Contra a pesca ilegal
Por sua vez, Katrin Vilhelm Poulsen, técnica superior de políticas de pescado do Gabinete de Política Europeia da WWF, afirmou que “devido ao facto de a UE importar a maioria do pescado que consome, a introdução da rastreabilidade digital desde o mar até ao prato reforçará a luta da UE contra a pesca ilegal e lançará as bases para fornecer informações claras aos consumidores europeus.

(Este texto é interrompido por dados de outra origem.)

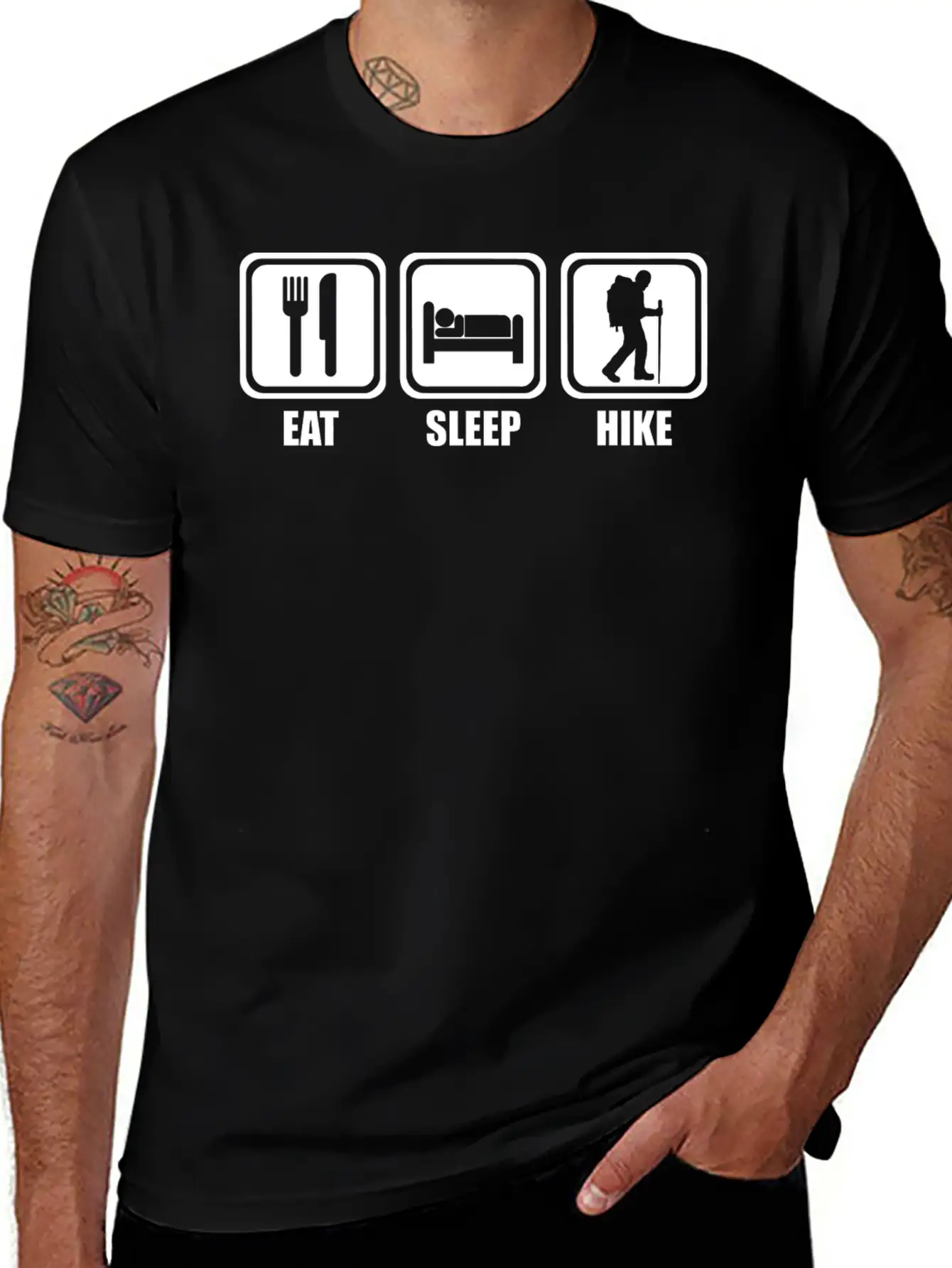 Hiking - Eat Sleep Hiking Casual Graphic T-Shirt – Simple And Comfortable Daily Wear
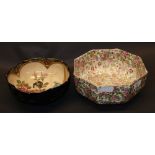 Decorative Satsuma bowl (A/F), plus a large floral bowl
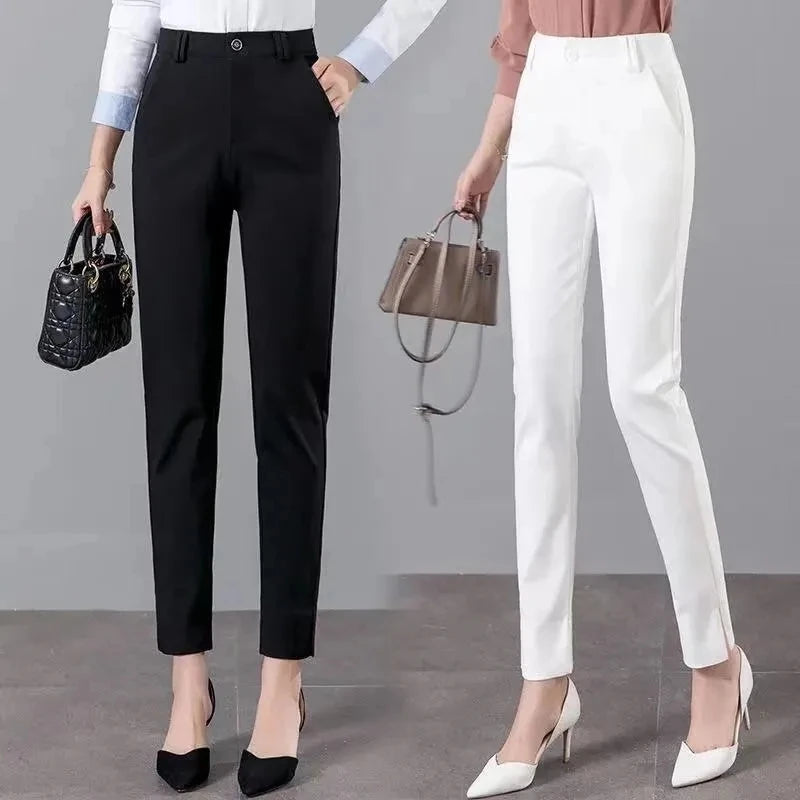 White Pants 2024 New Spring Summer High Waist Slim Stretch Pencil Pants Office Ladies Elegant Suit Pants Women Straight Trousers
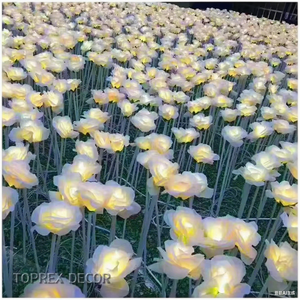 Sculpture florale LED étanche commerciale allumant IP65-Décor de motif de <span class=keywords><strong>rose</strong></span> personnalisable pour jardins, événements et espaces publics - Product Image 1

No entanto, este marco na luta contra a pesca ilegal a nível internacional é prejudicado pela decisão paralela de legalizar a subdeclaração das embarcações de pesca europeias”.
Vanya Vulperhorst, diretora de campanha, pesca ilegal e transparência da Oceana afirmou: “Congratulamo-nos com o resultado de que todas as embarcações de pesca da UE – incluindo 49 000 navios de pequena escala – terão de comunicar as suas capturas e partilhar a sua localização, e que os Estados-Membros já não podem esconder informações sobre os seus esforços de controlo por parte do público. Contudo, o voto insensato dos eurodeputados a favor da subdeclaração dos pescadores até 40% das suas capturas corre o risco de reverter décadas de recuperação das populações de peixes”.
E para Steve Trent, director executivo da Environmental Justice Foundation, “relatórios mais transparentes dos Estados-membros da UE sobre os seus controlos nas pescas e a abolição do seu veto relativamente à publicação de informações sobre as pescas significam que a UE pode continuar a ser pioneira nos esforços para um sector das pescas global transparente. No entanto, e crucialmente, a enorme falha criada ao permitir que 40% do pescado desapareça dos registos tem agora de ser urgentemente corrigida pelos deputados e pelos Estados-Membros nas suas próximas negociações”.
Já Gonçalo Carvalho, coordenador executivo da ONG portuguesa Sciaena, referiu que “de um ponto de vista da realidade portuguesa, a votação de hoje foi muito positiva pois os eurodeputados reconheceram a importância de monitorizar devidamente a pequena pesca para a poder gerir de forma sustentável, mas também de poder diferenciar e valorizar o pescado capturado em águas nacionais. Agora, esperamos que a Presidência Portuguesa tenha um papel positivo para ajudar a definir uma posição do Conselho que não só partilhe destas preocupações, mas que também reconheça a necessidade de contabilizar todo o pescado capturado, ao manter as margens de erro a níveis baixos”.